[Provided records — start]
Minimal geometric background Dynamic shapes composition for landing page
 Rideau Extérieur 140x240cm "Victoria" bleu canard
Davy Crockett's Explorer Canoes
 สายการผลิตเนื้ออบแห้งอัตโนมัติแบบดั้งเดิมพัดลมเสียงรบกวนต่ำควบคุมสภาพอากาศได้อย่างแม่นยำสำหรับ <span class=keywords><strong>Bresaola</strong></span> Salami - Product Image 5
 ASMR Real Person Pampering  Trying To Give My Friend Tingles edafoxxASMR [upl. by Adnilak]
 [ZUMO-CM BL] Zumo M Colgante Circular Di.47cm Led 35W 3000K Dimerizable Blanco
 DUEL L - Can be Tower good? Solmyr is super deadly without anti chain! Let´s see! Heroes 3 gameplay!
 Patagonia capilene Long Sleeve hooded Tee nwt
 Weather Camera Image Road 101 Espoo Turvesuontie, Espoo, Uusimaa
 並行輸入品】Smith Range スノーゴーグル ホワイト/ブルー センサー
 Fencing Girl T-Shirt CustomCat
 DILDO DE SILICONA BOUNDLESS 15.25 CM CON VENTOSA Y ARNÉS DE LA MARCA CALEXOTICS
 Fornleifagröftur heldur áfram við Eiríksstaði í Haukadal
[Provided records — finish]
:: Task requirements ::
Please give again, word for word, only the lines from the one holding "DUEL L - Can" through the end of the listing above.

:: Written response ::
 DUEL L - Can be Tower good? Solmyr is super deadly without anti chain! Let´s see! Heroes 3 gameplay!
 Patagonia capilene Long Sleeve hooded Tee nwt
 Weather Camera Image Road 101 Espoo Turvesuontie, Espoo, Uusimaa
 並行輸入品】Smith Range スノーゴーグル ホワイト/ブルー センサー
 Fencing Girl T-Shirt CustomCat
 DILDO DE SILICONA BOUNDLESS 15.25 CM CON VENTOSA Y ARNÉS DE LA MARCA CALEXOTICS
 Fornleifagröftur heldur áfram við Eiríksstaði í Haukadal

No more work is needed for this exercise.